Chong, who is also the conference’s organising chairman, said the day-long conference, which will be held from 8am to 6pm, had three main components. Firstly, it will cover broad topics on such significant economic developments as the Asean Economic Community (AEC), the Belt and Road Initiative (or New Silk Road) which aims to develop and link up Eurasia, and the Trans-Pacific Partnership Agreement (TPPA).
Then the conference will move on to discuss the opportunities in e-commerce and the logistics industry.
“Young people need to think about the global market. Instead of just focusing on the local market, they need to look at the markets out there with larger populations,” he said, adding that, increasingly, people were conducting business internationally.
The Belt and Road initiative, for instance, is an effort to link up 65 nations and 4.4 billion people through infrastructural developments and commerce, whereas the AEC and TPPA have a market population of over 600 million and 800 million respectively.
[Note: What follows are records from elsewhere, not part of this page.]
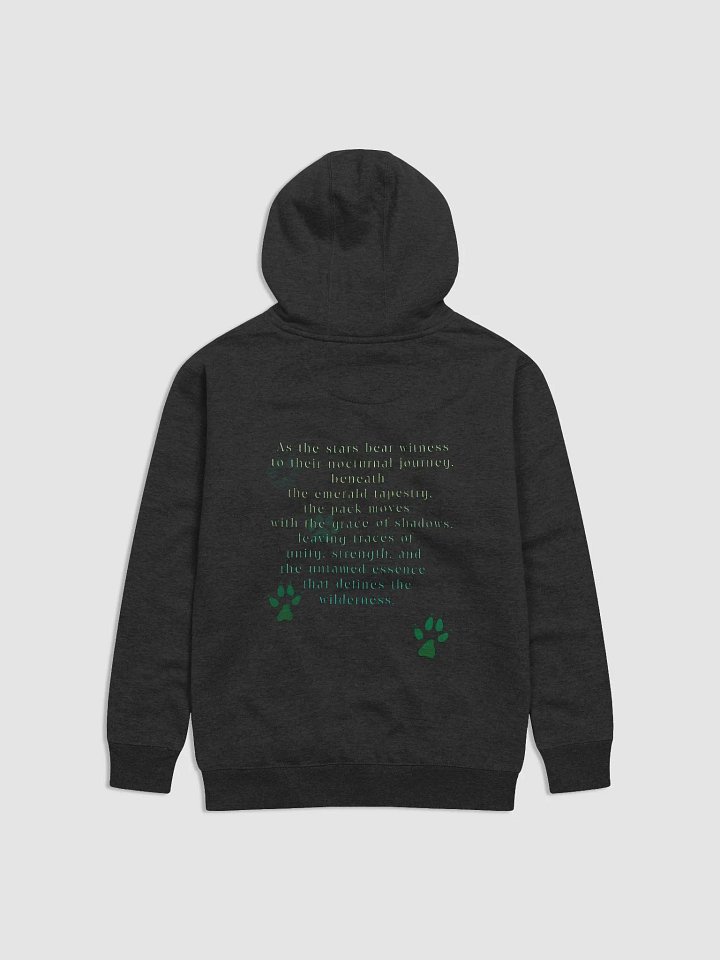Night Hunters product image (2)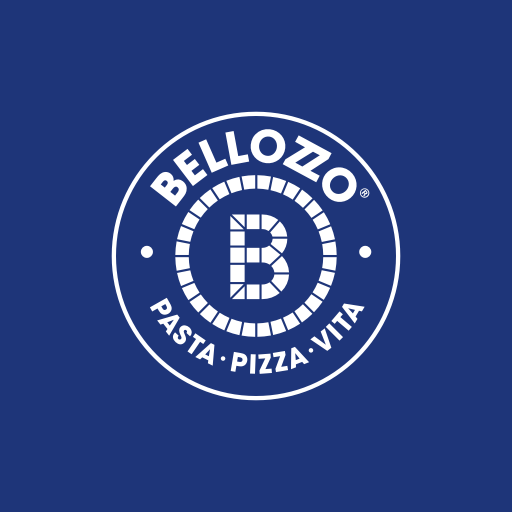 Bellozzo®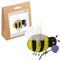 Trimits Felt Decoration Kit, Bee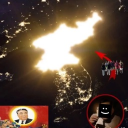 Liberal communist socialist server Discord server icon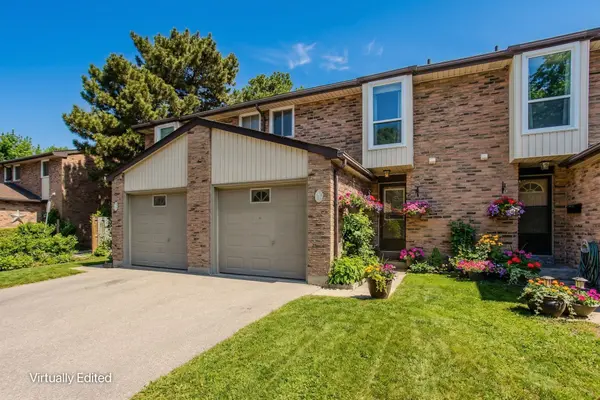 660 Oxford RD #53, Burlington, ON L7N 3M1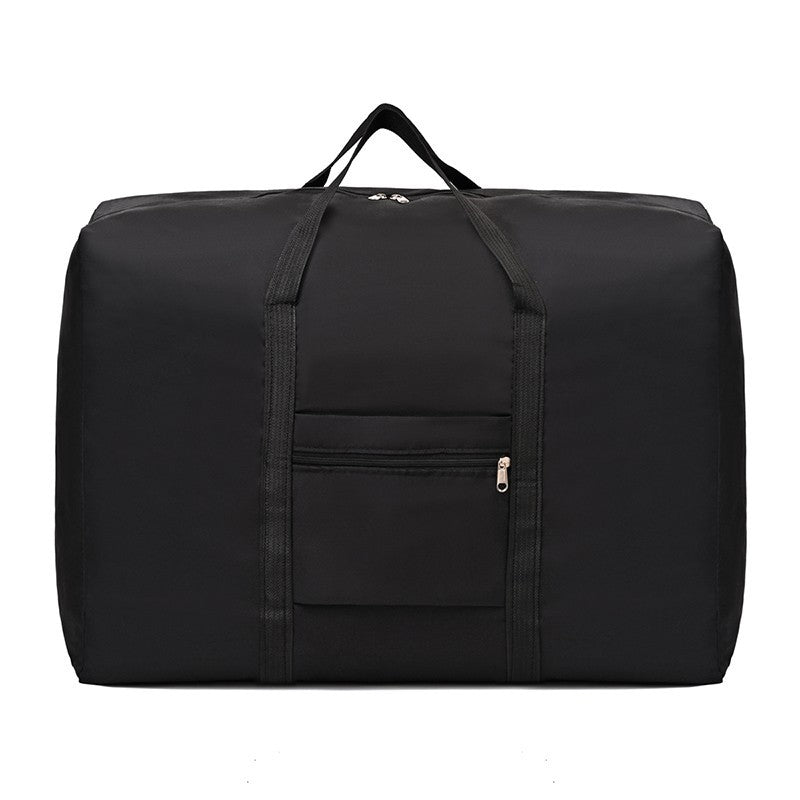 Practical Sports Duffel Bag with Multiple Compartments Stornfield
“The international market is no longer dominated by governments, government-linked companies (GLC) or multinational companies (MNC) for that matter,” said Chong, who is also Deputy Education Minister.
He opined that another phenomenon that businesses needed to grapple with was the rise of e-commerce activities. Chong added that this was an era that would pave the way for the rise of “micro MNCs” — small businesses that operated across borders.
He said this would be made possible with the merging of e-commerce with logistics, which Chong termed as “e-logistic”.
He suggested that there might even, in future, be a version of Uber in logistics.
“Locals will be able to capitalise on this as they are most familiar with the roads in their area. Like ride-hailing applications, entrepreneurs need not have their own fleet of trucks, ships or planes. Rather, they can find locals who are keen to help out and make an income in the process,” Chong said.
In this way, he added, entrepreneurs would also help to generate jobs for the community where their businesses operated.
Chong urged young entrepreneurs to harness the power of IT and use it to solve the problems that their clients faced as well as to reduce operational costs.
“The young are creative and very adaptable to the changes in technology. It’s time they focus on entrepreneurship,” he said.
The conference will be conducted in English to reach out to youths of various races, targetting about 1,000 participants.